The indebtedness evidenced by this Debenture
is, to the extent provided in the Indenture, subordinate
and junior in right of payment to the prior payment in
full of Senior Indebtedness, and this Debenture is issued
subject to the provisions of the Indenture with respect
thereto. Each holder of this Debenture, by accepting
the same, (a) agrees to and shall be bound by such
provisions, (b) authorizes and directs the Trustee on his
or her behalf to take such action as may be necessary or
appropriate to acknowledge or effectuate the
subordination so provided and (c) appoints the Trustee
his or her attorney-in-fact for any and all such purposes.

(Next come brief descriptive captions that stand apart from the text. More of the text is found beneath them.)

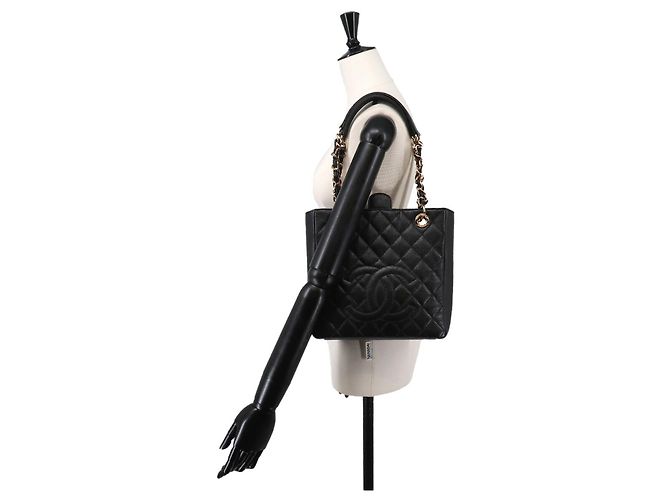 Borsa Tote Chanel Matelasse PST Chain Nero - vista 10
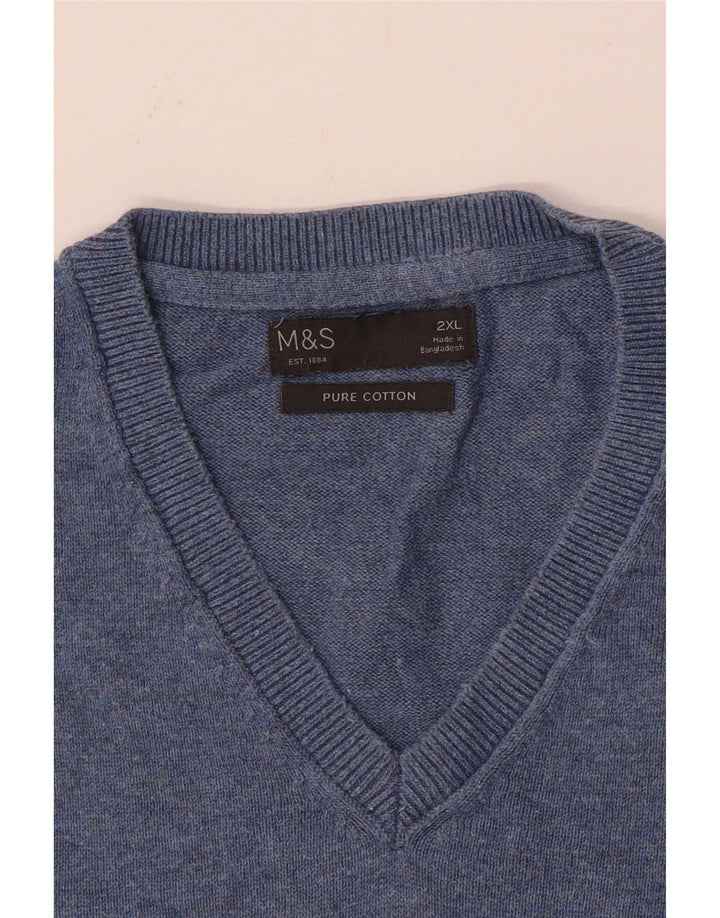 Мужская майка Marks & Spencer 2XL, синий хлопок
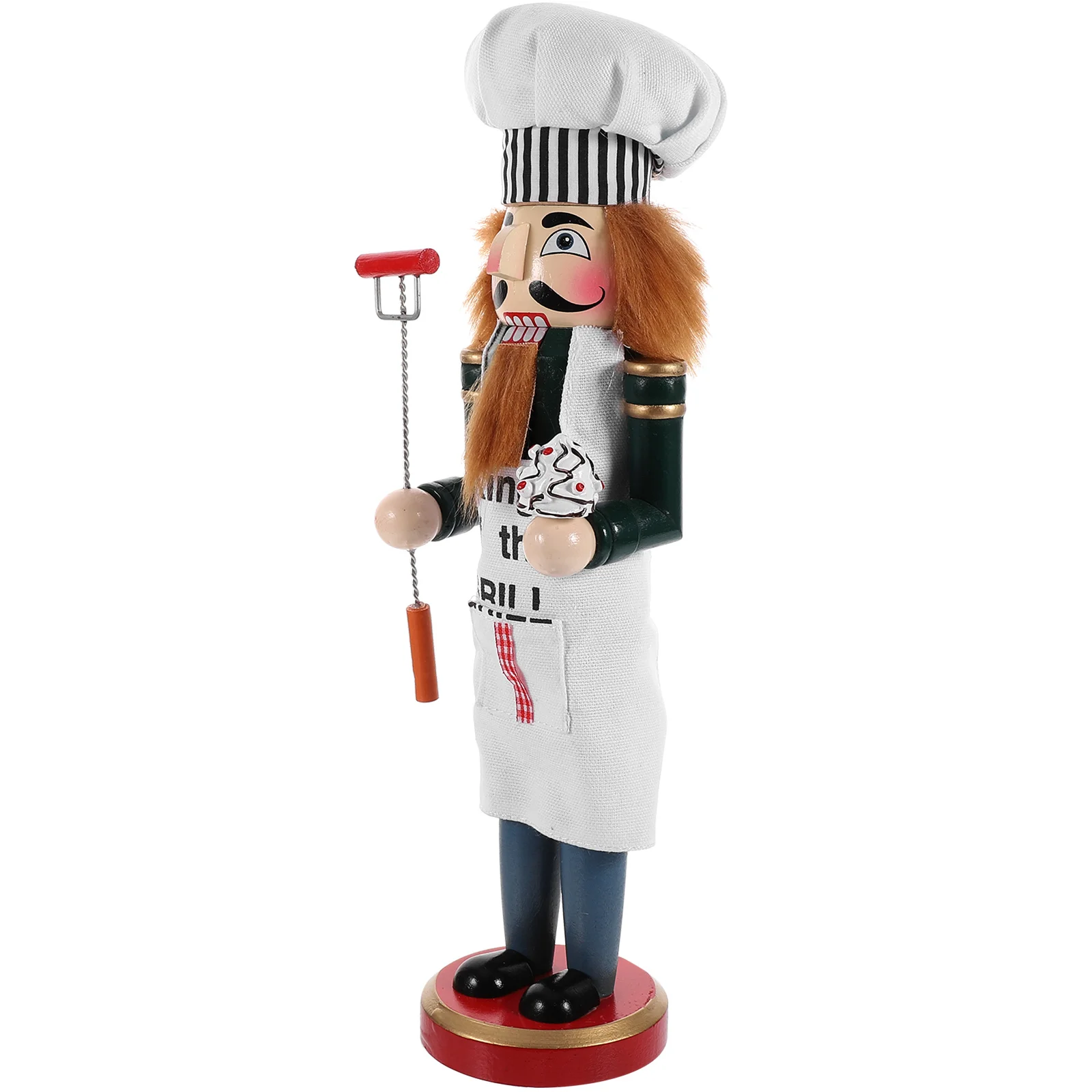 

Christmas Chef Nutcracker Decoration Xmas Holiday Puppet Ornament Nutcracker Figurine Christmas Decorations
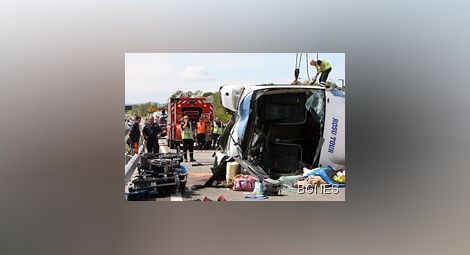 Катастрофа с български шофьори в Румъния, двама убити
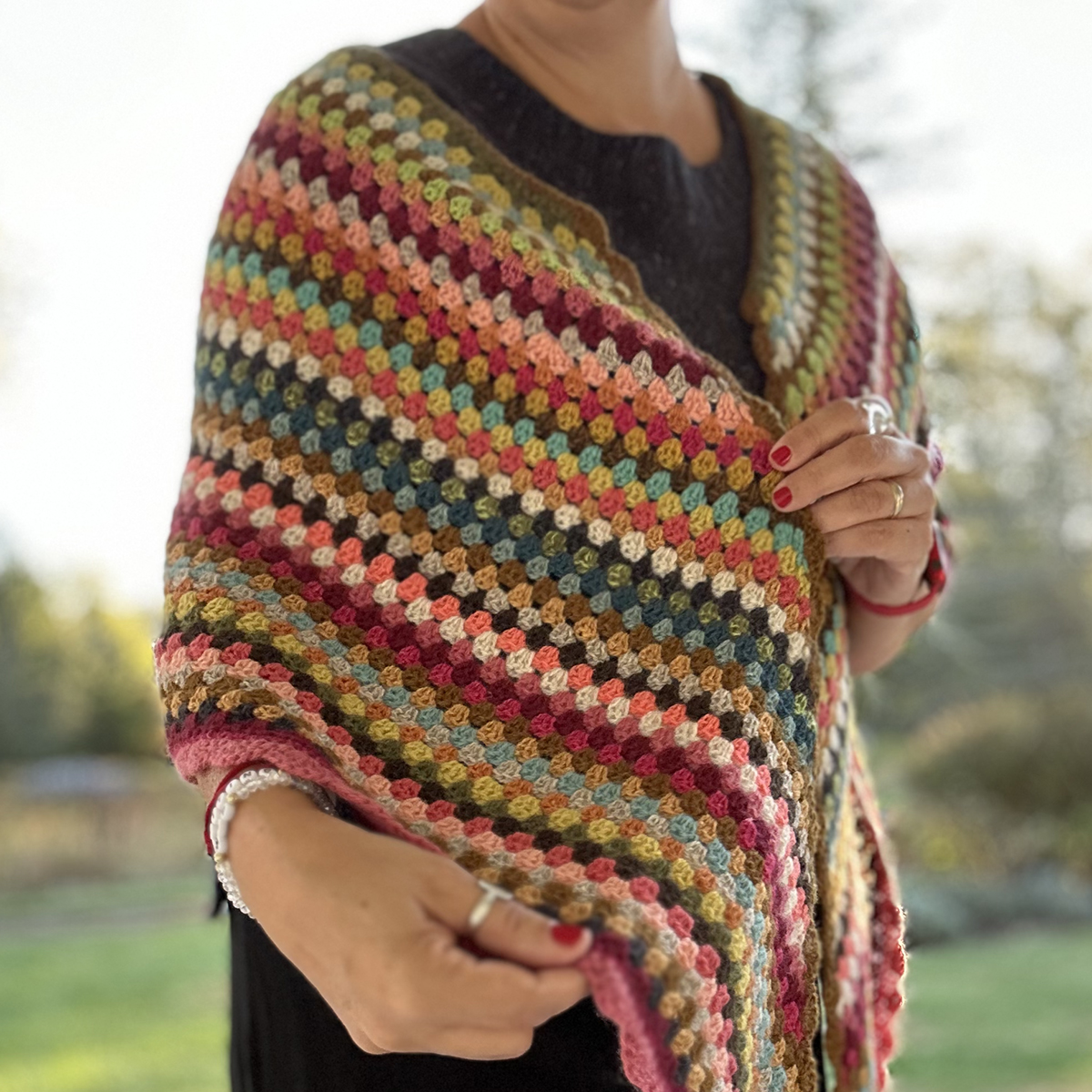 Granny Stripe Shawl_CROCHET OBJET4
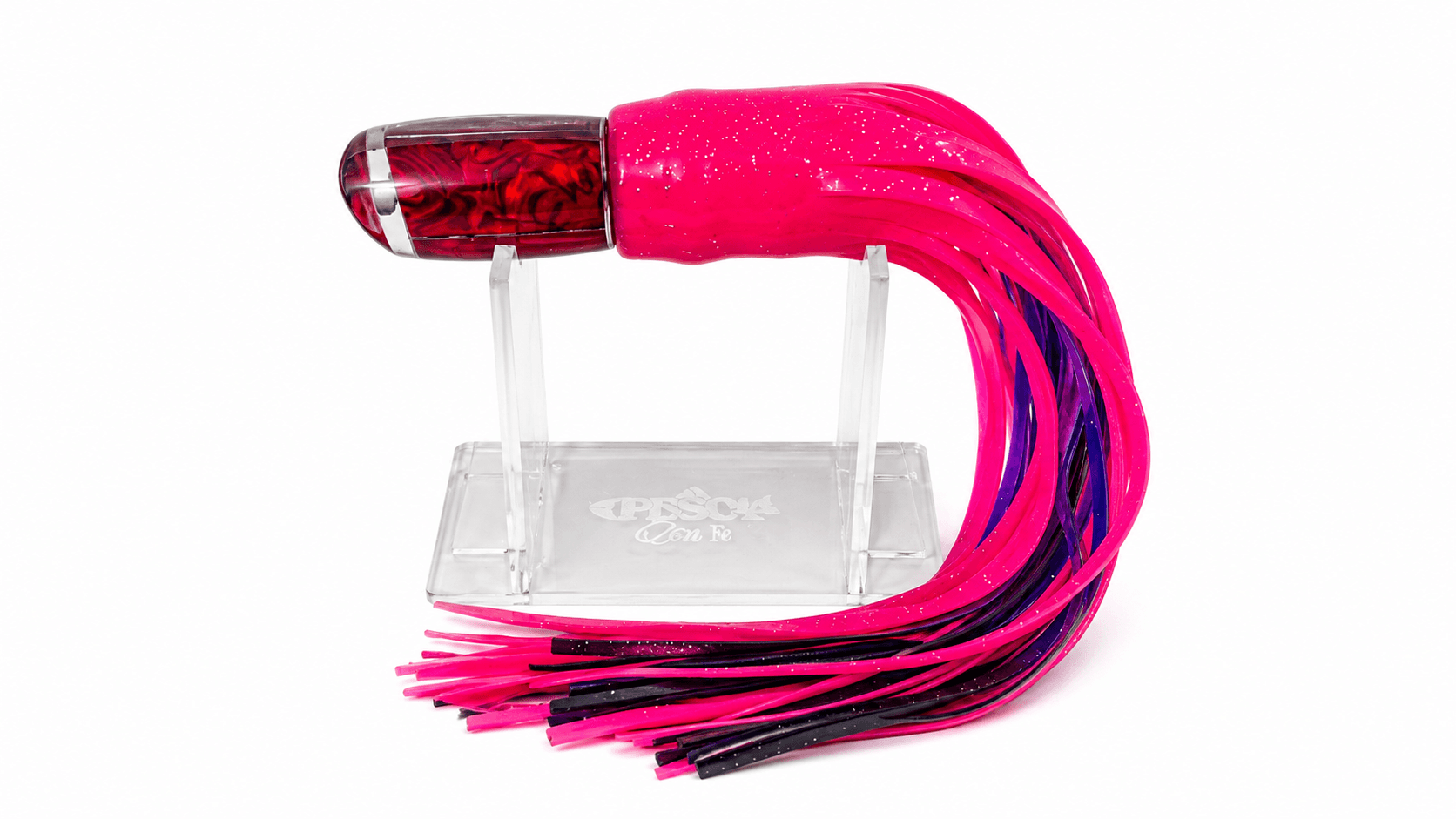 Señuelo Currican Trolling Pesca Con Fe 10" (Fucsia Neón)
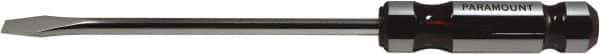 Paramount - 415mm OAL Standard Slotted Screwdriver - 300mm Blade Length, Round Shank, Acetate Handle - USA Tool & Supply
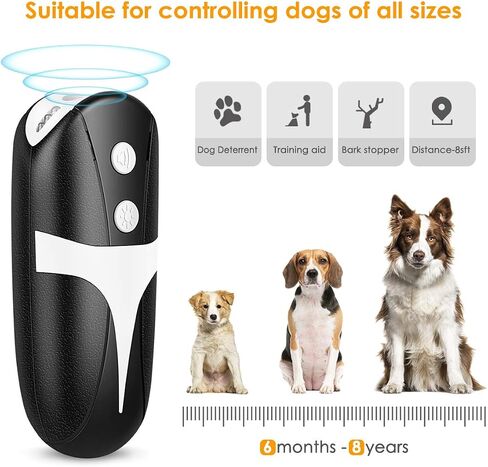 Sumergle Handheld Dog Repellent, Ultrasonic Infrared Dog Deterrent, Anti Barking Device, Dog Bark Contol in Saudi Arabia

Each holder hereof, by his or her acceptance hereof,
hereby waives all notice of the acceptance of the
subordination provisions contained herein and in the
Indenture by each holder of Senior Indebtedness,
whether now outstanding or hereafter incurred, and
waives reliance by each such holder upon said
provisions.
This Debenture shall not be entitled to any
benefit under the Indenture hereinafter referred to, be
valid or become obligatory for any purpose until the
certificate of authentication hereon shall have been
signed by or on behalf of the Trustee.
Capitalized terms used and not defined in this
Debenture shall have the meanings assigned in the
Indenture dated as of the date of this Debenture
between the Trustee and the Company.